**What is required:**
Give back each entry unchanged, minus pictures.

**Data section:**
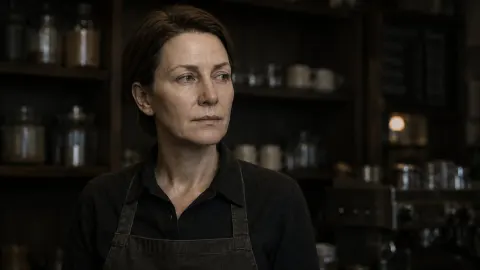Cinematic Barista Portrait In Rustic Cafe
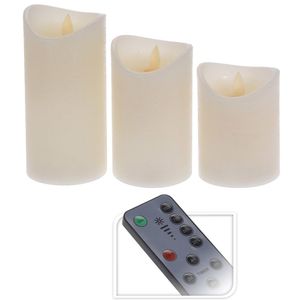 Svíčka LED PLAMEN,dálkové ovládání,stmívání,časovač, barva slonovinová kost (3ks)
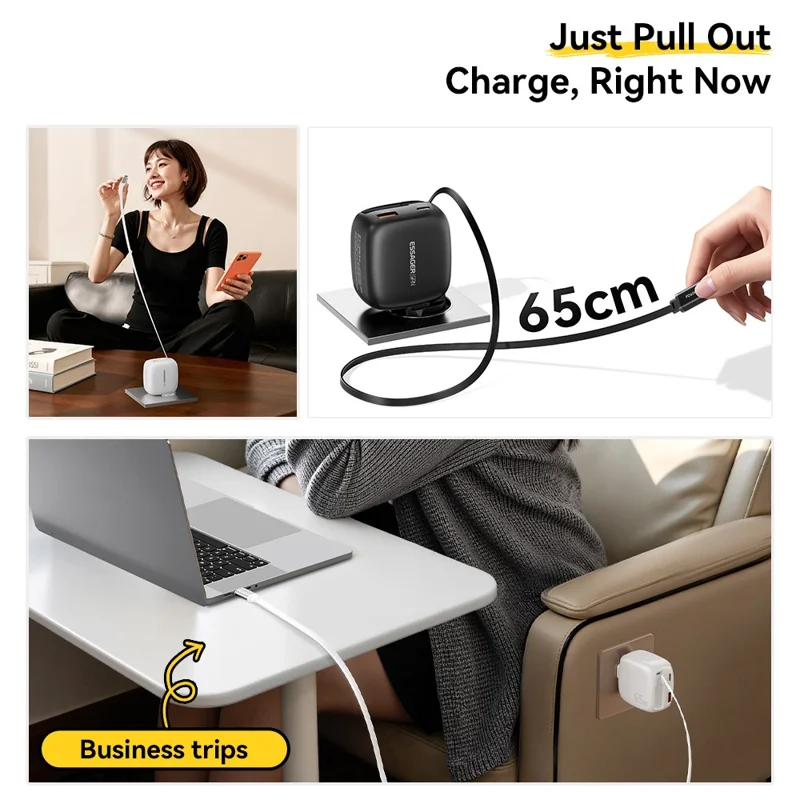 ESSAGER 65W Schnellladung GaN Reiseladegerät USB-C + USB-A Netzteil mit einziehbarem Kabel – EU-Stecker / Schwarz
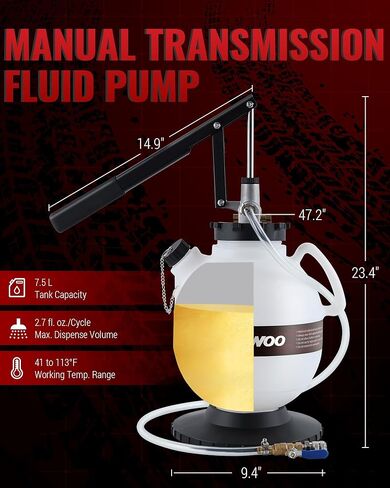 مضخة سائل ناقل الحركة اليدوي سعة 7.5 لتر، طقم مستخرج/مبدل زيت ATF سعة 2 جالون مع 15 محولًا متعدد الوظائف للسيارات والسوائل الهيدروليكية in Kuwait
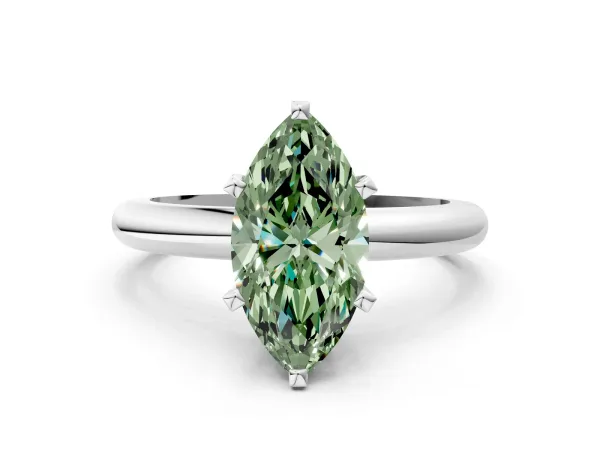 Fancy Green Marquise Cut Diamond Solitaire Engagement Ring with Round Band and Four-Prong Setting White gold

**Task result:**
Cinematic Barista Portrait In Rustic Cafe
 Svíčka LED PLAMEN,dálkové ovládání,stmívání,časovač, barva slonovinová kost (3ks)
 ESSAGER 65W Schnellladung GaN Reiseladegerät USB-C + USB-A Netzteil mit einziehbarem Kabel – EU-Stecker / Schwarz
 مضخة سائل ناقل الحركة اليدوي سعة 7.5 لتر، طقم مستخرج/مبدل زيت ATF سعة 2 جالون مع 15 محولًا متعدد الوظائف للسيارات والسوائل الهيدروليكية in Kuwait
 Fancy Green Marquise Cut Diamond Solitaire Engagement Ring with Round Band and Four-Prong Setting White gold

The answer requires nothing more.